Dr Patel relied upon articles of bridging studies and asserted that Heparin did not reduce the risk of an atrial blood clot firing off an embolus during the first three to four weeks of anti-coagulation. He did not accept that as the clot got smaller, it was also becoming more organised, stable and adherent. He did not accept that it was less likely to fire off emboli. Whilst accepting that Heparin was better than 90% effective in preventing emboli from DVT and pulmonary embolism, he refused to descend into the detail as to why and how Heparin’s great success in abolishing the risk of emboli from blood clots in DVT and PE was irrelevant to atrial clots. 

In respect of the bridging trials (which involve the use of Heparin as a short-term therapy to bridge the peri- and post-operative periods when Warfarin treatment is stopped), the court found that they simply did not prove Dr Patel’s contention that Heparin does not decrease the thromboembolic risk generally. In arriving at this conclusion, the judge relied upon Professor Mehta’s view that these studies, which would have excluded patients (like Mrs Pickering) who had suffered an embolus in the weeks before the operation, had little or no relevance to the issue in the case. Further, since the bridging studies were not randomised and Heparin treatment was given to higher risk patients in the first place, the published statistics do not show that Heparin has no effect in reducing the thromboembolic risks in patients. 

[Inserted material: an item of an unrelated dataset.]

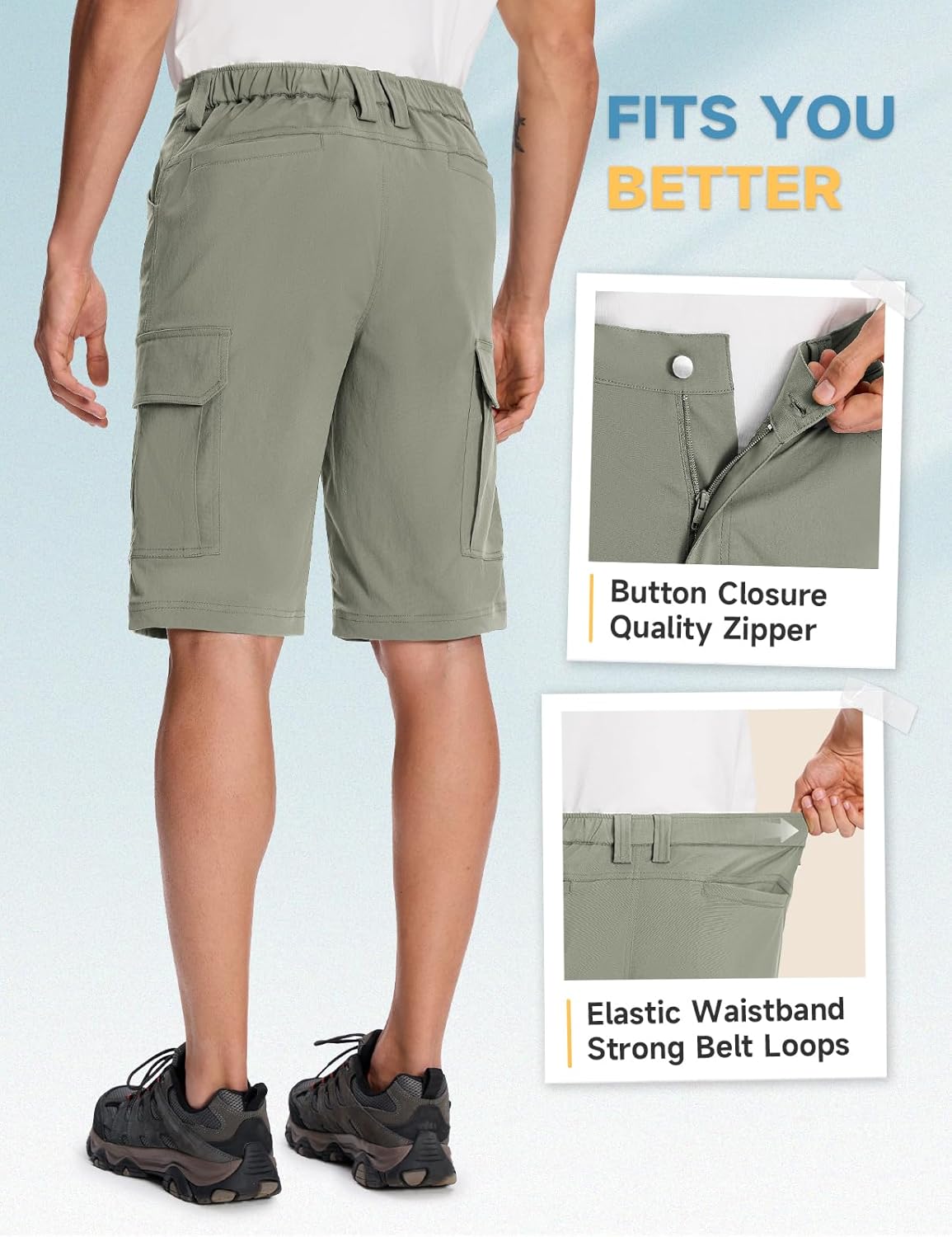 Moosehill Mens-Hiking-Shorts Cargo Lightweight Water Resistant Quick Dry Big & Tall with 8 Pockets for Tactical Work - Image 6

Against the background of the experts’ evidence, the judge found that on the balance of probabilities, had Heparin been given to Mrs Pickering over the days following her A&E attendance on 24 September 2015, it would have started working within one to three hours and the effect would have been to start the body’s natural processes of dissolving the friable or unstable clot. During the process of dissolution, the structure of the Claimant’s LAA thrombus would have been becoming more organised, less friable, more stable and more attached to the atrial wall. In short, the judge rejected Dr Patel’s contention that Heparin does not enable the body to reduce the embolic danger created by a blood clot and merely allows the body to dissolve the blood clot. Ultimately, the judge concluded that but for the Defendant’s negligence, Mrs Pickering’s stroke would have been avoided. 

Takeaway Lessons

  1. When finalising expert evidence, it is important to ensure that the medical/published literature, paper or data relied upon by your expert does in fact support their opinion or proposition. Credibility of medical experts can be quickly undermined if your expert is unable to substantiate or explain their conclusions by reference to the cited literature in cross-examination.

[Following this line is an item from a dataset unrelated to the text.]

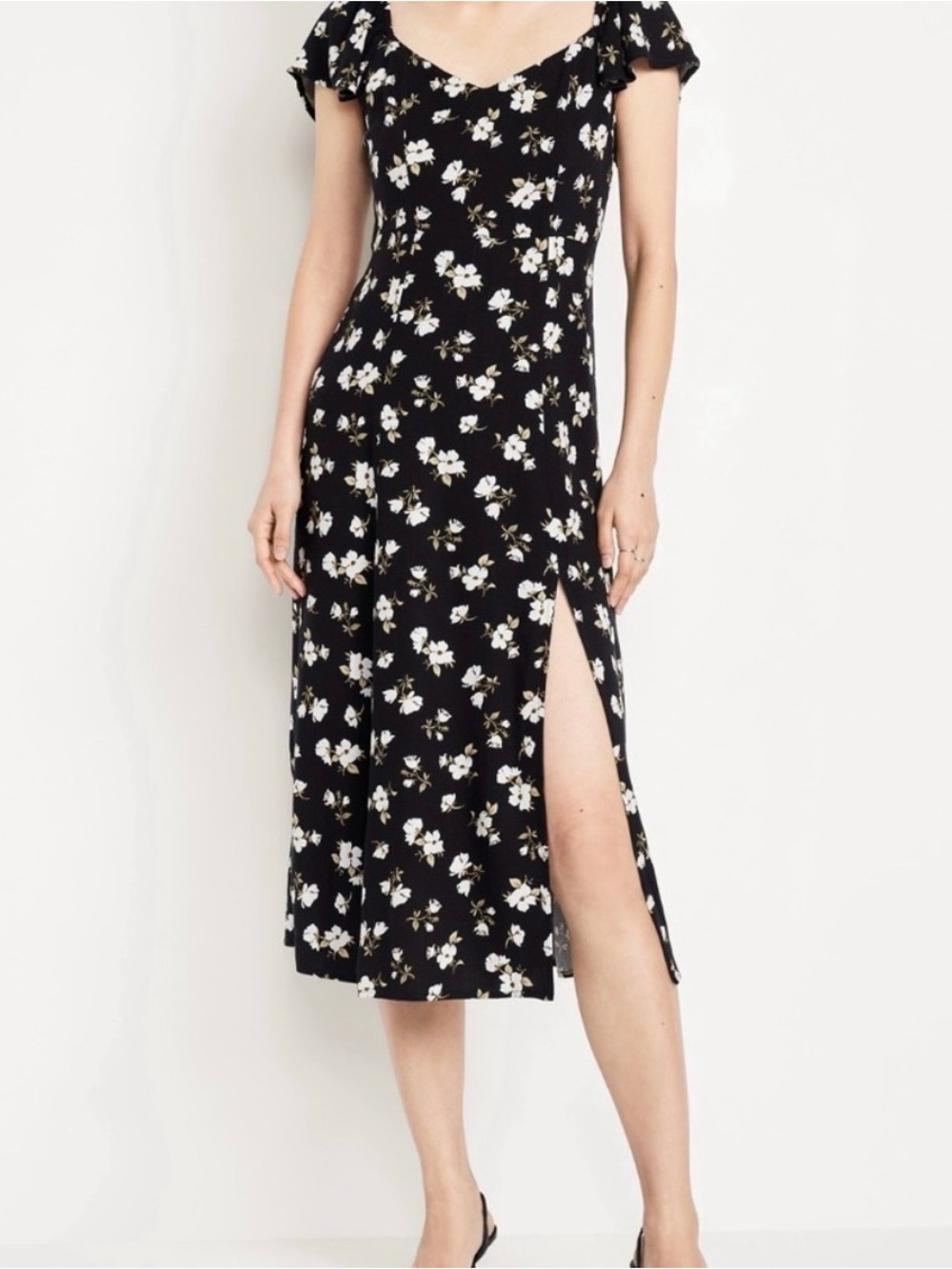 Black Floral Midi Dress with Cap Sleeves and Slit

  2. Make sure that the entirety of a particular paper/study is served with the expert’s report and included in the trial bundle. In this case, one of the experts failed to include a detailed chart exhibited to a paper which contained four scans of a clot of a patient taking part in the study. The scans showed that the clot had dissolved by 50% to 75% in the first week and then disappeared by week 5.5.

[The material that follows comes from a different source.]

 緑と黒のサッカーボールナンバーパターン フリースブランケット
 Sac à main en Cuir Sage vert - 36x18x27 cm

  3. Do not accept without question the conclusions of the published studies. Consider any caveat or proviso that may undermine that conclusion or enable the other side to argue that it should be distinguished from the facts of the present case.
  4. From a practical point of view, this case turned upon the strengths of the expert evidence, which can be tested rigorously in conference. If properly prepared, the flaws in your own expert evidence should have been identified prior to trial or even exchange of expert evidence. There should be no major or fatal surprises in your own expert’s oral evidence at trial. Whilst we cannot always accurately predict the likely quality of the opposing expert’s oral evidence from written reports, adequate preparation can ensure that your own experts come up to proof at trial, thus maximising your chances of success.